Segment Open
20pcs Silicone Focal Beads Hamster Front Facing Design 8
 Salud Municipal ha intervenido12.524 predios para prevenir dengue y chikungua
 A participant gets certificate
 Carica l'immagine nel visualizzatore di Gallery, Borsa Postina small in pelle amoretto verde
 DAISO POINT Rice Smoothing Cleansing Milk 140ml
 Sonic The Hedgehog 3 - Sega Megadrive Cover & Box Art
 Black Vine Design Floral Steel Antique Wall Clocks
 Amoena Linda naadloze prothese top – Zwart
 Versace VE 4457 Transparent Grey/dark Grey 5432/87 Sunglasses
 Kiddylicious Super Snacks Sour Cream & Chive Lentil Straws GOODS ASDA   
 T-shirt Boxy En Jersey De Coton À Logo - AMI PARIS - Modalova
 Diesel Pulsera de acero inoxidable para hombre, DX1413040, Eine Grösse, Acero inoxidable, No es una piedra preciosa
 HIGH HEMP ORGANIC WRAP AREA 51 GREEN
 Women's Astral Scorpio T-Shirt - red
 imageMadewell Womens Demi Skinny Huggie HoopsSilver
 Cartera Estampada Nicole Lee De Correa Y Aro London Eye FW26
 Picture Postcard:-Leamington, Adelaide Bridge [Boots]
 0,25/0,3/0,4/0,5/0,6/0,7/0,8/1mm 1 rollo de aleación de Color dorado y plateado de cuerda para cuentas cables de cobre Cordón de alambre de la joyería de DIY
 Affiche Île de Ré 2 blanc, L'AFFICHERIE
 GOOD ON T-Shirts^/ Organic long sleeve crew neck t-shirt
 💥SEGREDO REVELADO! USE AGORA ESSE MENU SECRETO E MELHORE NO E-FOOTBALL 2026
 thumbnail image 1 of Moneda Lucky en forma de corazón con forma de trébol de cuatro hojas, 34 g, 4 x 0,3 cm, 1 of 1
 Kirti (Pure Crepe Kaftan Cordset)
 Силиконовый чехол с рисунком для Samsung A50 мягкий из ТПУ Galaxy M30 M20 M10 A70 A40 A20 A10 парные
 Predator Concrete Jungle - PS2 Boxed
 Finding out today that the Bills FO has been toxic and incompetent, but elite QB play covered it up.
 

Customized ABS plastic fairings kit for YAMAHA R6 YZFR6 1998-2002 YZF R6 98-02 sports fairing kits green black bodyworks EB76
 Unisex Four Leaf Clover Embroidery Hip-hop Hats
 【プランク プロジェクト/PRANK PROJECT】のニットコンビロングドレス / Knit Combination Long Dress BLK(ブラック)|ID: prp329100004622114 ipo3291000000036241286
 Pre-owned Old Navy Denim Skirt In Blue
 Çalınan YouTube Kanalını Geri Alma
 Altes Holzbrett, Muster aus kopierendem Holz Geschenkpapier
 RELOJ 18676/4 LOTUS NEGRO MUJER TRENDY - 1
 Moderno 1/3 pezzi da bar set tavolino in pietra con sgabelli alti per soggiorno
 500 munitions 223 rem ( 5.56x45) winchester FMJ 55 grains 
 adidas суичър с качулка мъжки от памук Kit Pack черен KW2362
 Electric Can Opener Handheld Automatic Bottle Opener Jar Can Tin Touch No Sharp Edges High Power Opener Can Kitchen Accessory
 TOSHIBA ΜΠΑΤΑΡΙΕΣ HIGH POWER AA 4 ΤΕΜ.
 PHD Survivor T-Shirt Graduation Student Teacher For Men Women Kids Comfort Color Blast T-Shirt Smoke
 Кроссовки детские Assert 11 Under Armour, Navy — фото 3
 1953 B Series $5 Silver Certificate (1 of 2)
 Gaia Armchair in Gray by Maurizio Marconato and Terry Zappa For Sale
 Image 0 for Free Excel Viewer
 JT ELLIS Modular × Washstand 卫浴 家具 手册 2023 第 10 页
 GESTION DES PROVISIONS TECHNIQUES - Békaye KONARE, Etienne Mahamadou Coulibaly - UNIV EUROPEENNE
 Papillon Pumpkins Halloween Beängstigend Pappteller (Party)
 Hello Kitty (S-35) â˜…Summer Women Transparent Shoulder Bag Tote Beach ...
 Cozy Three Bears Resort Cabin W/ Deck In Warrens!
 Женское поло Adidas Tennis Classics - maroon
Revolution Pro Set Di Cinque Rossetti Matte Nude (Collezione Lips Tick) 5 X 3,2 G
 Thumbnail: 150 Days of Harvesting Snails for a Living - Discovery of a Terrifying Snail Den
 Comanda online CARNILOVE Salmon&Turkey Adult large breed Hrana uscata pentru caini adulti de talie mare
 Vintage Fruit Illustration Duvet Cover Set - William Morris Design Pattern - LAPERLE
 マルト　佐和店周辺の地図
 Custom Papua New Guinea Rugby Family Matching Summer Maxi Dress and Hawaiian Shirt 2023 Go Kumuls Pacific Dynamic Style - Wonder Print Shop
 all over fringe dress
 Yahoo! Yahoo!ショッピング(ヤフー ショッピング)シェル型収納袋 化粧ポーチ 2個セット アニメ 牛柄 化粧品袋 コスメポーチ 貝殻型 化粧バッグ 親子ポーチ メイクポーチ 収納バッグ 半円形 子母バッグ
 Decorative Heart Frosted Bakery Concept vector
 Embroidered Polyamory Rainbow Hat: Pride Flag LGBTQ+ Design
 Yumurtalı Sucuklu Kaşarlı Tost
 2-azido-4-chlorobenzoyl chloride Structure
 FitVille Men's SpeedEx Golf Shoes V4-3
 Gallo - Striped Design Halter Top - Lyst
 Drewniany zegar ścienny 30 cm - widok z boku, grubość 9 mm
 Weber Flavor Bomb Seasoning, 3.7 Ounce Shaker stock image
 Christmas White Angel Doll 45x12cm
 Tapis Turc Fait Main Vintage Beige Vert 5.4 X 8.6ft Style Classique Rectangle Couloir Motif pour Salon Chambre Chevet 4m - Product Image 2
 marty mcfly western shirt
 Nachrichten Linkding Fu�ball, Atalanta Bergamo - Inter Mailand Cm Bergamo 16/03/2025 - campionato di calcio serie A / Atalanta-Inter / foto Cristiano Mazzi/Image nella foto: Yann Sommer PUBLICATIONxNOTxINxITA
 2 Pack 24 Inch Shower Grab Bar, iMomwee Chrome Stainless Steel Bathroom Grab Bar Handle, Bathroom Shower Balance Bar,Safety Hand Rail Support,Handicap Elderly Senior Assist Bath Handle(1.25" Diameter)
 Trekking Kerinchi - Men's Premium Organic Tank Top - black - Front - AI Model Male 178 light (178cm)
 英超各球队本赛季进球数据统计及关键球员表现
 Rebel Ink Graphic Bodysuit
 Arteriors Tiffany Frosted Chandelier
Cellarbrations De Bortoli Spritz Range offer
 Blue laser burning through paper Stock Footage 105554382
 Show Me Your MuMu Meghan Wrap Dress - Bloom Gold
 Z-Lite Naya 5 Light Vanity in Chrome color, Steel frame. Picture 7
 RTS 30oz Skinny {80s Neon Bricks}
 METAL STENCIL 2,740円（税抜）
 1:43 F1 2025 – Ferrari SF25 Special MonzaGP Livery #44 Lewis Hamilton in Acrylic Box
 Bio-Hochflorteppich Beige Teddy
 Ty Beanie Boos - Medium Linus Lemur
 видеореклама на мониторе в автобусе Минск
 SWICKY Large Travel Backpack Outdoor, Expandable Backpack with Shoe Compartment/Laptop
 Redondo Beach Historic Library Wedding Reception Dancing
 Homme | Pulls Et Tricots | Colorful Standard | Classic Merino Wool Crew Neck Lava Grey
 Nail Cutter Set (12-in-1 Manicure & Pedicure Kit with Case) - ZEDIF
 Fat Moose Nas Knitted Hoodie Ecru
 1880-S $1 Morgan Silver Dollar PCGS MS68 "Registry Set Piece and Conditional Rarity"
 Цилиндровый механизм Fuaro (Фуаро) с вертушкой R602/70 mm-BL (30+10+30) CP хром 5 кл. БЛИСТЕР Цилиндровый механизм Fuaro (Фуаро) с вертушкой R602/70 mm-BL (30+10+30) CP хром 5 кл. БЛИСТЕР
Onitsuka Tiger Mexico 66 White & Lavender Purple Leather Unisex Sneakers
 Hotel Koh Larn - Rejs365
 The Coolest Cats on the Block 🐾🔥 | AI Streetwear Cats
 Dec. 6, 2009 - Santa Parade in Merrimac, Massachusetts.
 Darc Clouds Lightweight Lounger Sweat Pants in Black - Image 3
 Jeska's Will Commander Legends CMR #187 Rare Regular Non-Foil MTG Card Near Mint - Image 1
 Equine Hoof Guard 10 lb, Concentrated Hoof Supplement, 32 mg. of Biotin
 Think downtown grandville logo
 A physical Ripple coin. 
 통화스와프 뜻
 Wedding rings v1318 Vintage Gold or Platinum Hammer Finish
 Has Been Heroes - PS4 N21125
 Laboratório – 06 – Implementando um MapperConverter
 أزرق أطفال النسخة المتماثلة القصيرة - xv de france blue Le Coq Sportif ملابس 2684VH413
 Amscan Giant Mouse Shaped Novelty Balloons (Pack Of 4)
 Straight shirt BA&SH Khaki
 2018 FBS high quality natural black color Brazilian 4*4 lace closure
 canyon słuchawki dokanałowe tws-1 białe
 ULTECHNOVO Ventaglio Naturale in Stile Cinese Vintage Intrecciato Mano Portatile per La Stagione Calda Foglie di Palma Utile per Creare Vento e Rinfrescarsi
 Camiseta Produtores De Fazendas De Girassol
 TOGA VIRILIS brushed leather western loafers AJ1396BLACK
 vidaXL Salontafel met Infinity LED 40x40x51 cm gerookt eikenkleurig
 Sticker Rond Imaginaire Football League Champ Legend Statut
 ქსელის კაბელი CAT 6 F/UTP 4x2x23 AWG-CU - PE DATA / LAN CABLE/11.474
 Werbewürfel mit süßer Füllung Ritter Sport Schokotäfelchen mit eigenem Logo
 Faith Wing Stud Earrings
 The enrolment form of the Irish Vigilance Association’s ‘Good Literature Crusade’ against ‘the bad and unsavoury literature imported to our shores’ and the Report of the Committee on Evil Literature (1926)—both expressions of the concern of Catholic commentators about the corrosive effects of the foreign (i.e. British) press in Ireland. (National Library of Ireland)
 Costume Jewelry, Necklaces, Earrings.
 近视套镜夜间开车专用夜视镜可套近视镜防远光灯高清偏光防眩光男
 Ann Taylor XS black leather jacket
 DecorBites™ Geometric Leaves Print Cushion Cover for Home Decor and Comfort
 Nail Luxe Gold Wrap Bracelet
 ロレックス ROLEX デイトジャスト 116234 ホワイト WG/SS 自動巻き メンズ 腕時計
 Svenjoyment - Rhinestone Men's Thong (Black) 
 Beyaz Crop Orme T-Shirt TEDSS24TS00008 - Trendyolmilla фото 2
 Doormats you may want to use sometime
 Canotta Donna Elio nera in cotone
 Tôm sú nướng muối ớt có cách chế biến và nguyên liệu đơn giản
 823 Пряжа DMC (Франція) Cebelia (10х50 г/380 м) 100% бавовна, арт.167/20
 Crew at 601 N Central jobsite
Segment Closed
**Brief**
Only the number is wanted: how many lines in the data include the string "Unisex"?

**Task solution**
2